== TASK DESCRIPTION ==
Beneath this line sits some data. Return only its lines from the one holding "If you are familiar" through the one holding "Hey there, this", inclusive, exactly, with the images removed.

== EXCERPTED DATA ==
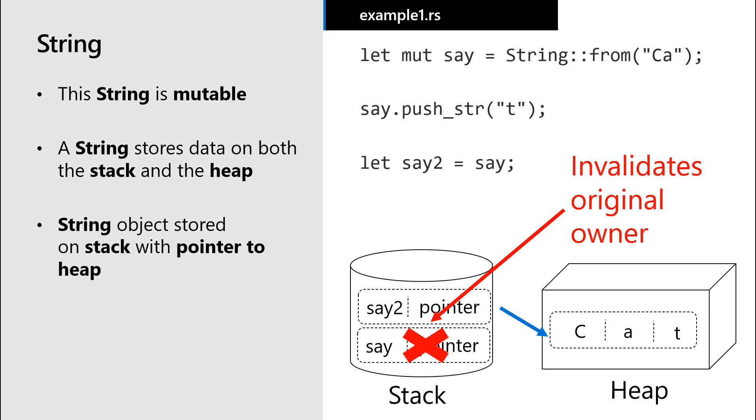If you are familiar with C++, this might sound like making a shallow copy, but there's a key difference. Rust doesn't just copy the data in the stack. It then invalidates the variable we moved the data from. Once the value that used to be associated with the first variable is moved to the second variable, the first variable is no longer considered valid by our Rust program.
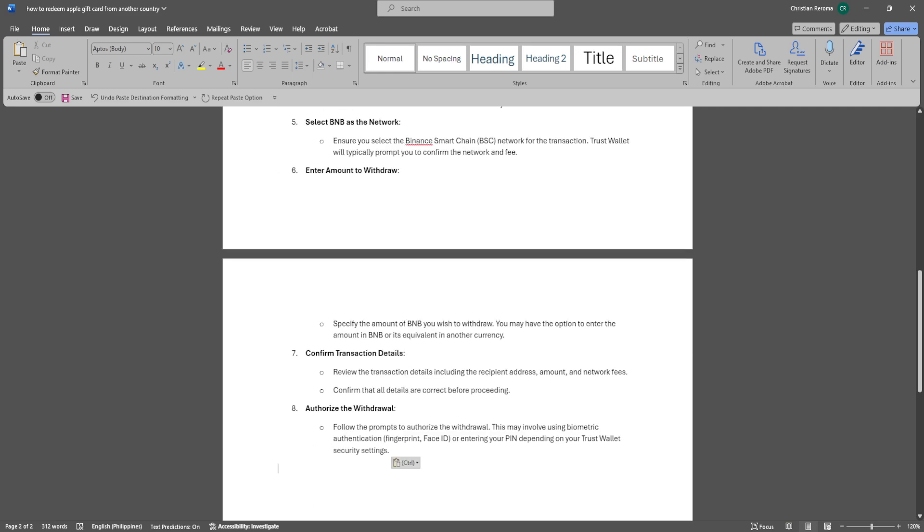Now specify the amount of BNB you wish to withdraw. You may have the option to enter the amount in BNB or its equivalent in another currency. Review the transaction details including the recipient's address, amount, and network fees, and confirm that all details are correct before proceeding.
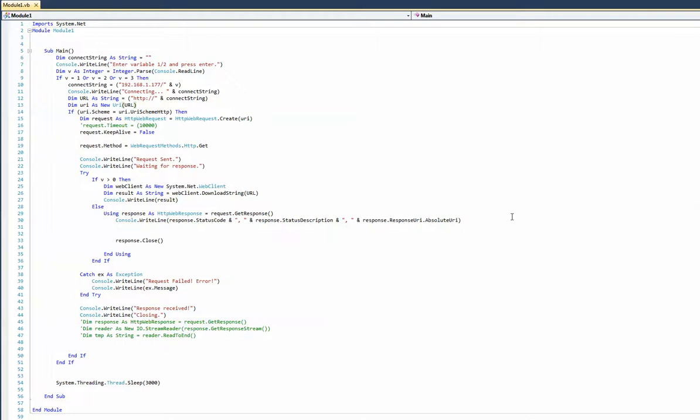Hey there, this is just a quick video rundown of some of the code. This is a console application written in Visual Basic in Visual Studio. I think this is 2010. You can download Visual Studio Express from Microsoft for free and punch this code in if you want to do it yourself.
---
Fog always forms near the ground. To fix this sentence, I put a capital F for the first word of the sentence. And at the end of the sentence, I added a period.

== YOUR RESPONSE ==
If you are familiar with C++, this might sound like making a shallow copy, but there's a key difference. Rust doesn't just copy the data in the stack. It then invalidates the variable we moved the data from. Once the value that used to be associated with the first variable is moved to the second variable, the first variable is no longer considered valid by our Rust program.
Now specify the amount of BNB you wish to withdraw. You may have the option to enter the amount in BNB or its equivalent in another currency. Review the transaction details including the recipient's address, amount, and network fees, and confirm that all details are correct before proceeding.
Hey there, this is just a quick video rundown of some of the code. This is a console application written in Visual Basic in Visual Studio. I think this is 2010. You can download Visual Studio Express from Microsoft for free and punch this code in if you want to do it yourself.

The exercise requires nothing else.